Mustafa Hamid, a well-known historian on Arab Afghans, wrote in his book “A Crusade in the Sky of Kandahar” that it was no secret Al-Qaeda was up to something soon. “Days before 9/11, if you spoke to a shopkeeper or stopped a man (in Kandahar) on the street, he would tell you there are rumors of a big attack that Al-Qaeda plans to launch soon,” Hamid said.

The news of the 9/11 attacks did not come as a surprise to those who were following the news from Afghanistan. Some Arab, British and US intelligence agencies were receiving reports of a potential attack to hit soon. They all failed to stop it. While they were in the process of identifying the type and nature of the threat, the attacks happened.

The surprise was the nature of the attacks, and that they happened on US soil.

Although Israel had also been threatened, it was only the US that was targeted. Israel was perhaps thrown into the mix by bin Laden to exhibit his loyalty to the supreme leader of the Taliban, Mullah Mohammad Omar, who had asked him not to plan strikes against any country other than Israel while bin Laden was in Afghanistan.

According to Hamid’s book, “Mullah Omar told bin Laden not to use the Afghan territory to plan or launch any attacks against any country other than Israel.” This permission was given to bin Laden in 2000 during what is known as the Al-Aqsa Uprising in Jerusalem, according to Hamid.

This had sparked a debate, and bin Laden was blamed by some of his close aides for working against the loyalty pledge that he gave to Mullah Omar. Even his exclusive interview with me was against the arrangement with the Taliban.

Bin Laden was asked clearly not to meet the media, according to Hamid’s book. Recalling his last meeting with bin Laden in Kandahar in August 2001, Hamid said Bin Laden asked him: “Have you heard about the latest statements on MBC?” 

Hamid replied: “It’s not statements; it’s a declaration of war ... you have breached the loyalty pledge you gave to Mullah Omar by speaking to MBC. Mullah Omar gave you permission to only attack Israel from Afghanistan and not any other country.” 

Bin Laden replied: “But I didn’t speak directly. It was indirect, and it was the journalist’s words. It was just a threat, not a declaration of war.” 
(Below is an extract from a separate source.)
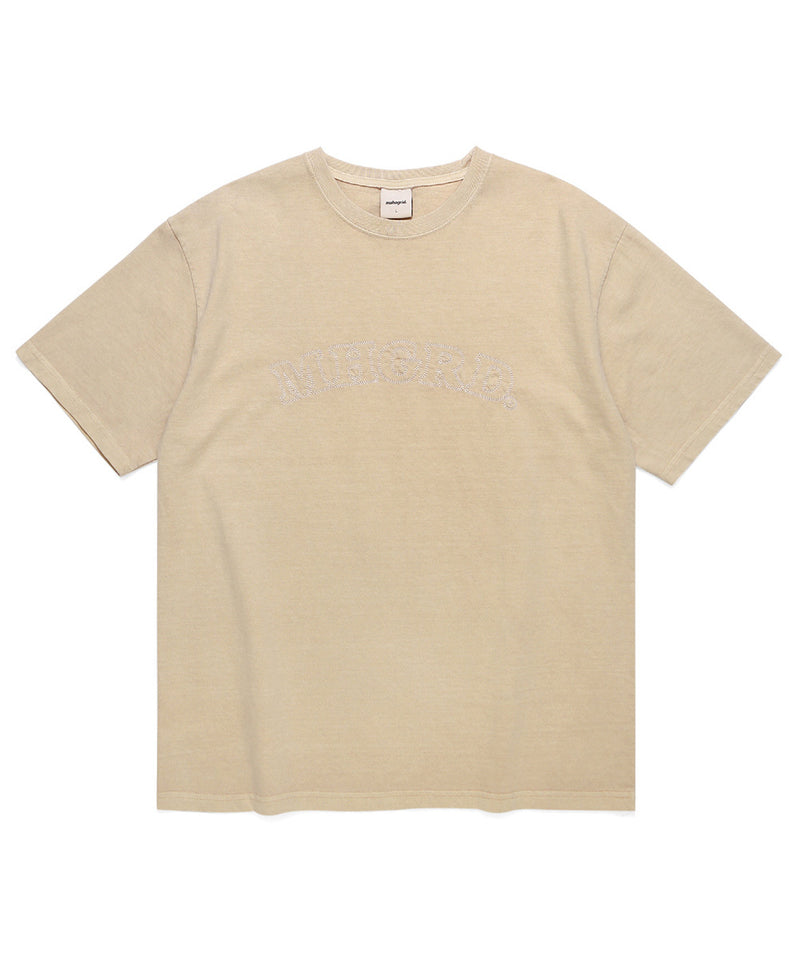 mahagrid (マハグリッド) ARC LOGO PIGMENT TEE [BEIGE]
Hamid replied: “Are you fooling us? The journalist reported accurately what he had heard from you, and I know from the people who were present in the interview that the reporter didn’t misquote what he heard and saw. You also provided him with the footage from the media section. It is then a proper media engagement, even if you didn’t speak directly to the camera. Mullah Omar isn’t that naive and simple a person to this extent, (to believe) that you say you didn’t meet the media.”

In that interview, back in June 2001, bin Laden told me that he would provide me with footage that would help my story. It was from a film produced by Al-Qaeda, titled “The Destruction of the Destroyer,” referring to the USS Cole, which was attacked on the coast of Yemen on October 12, 2000. Al-Qaeda claimed credit for the attack, now considered a precursor to 9/11.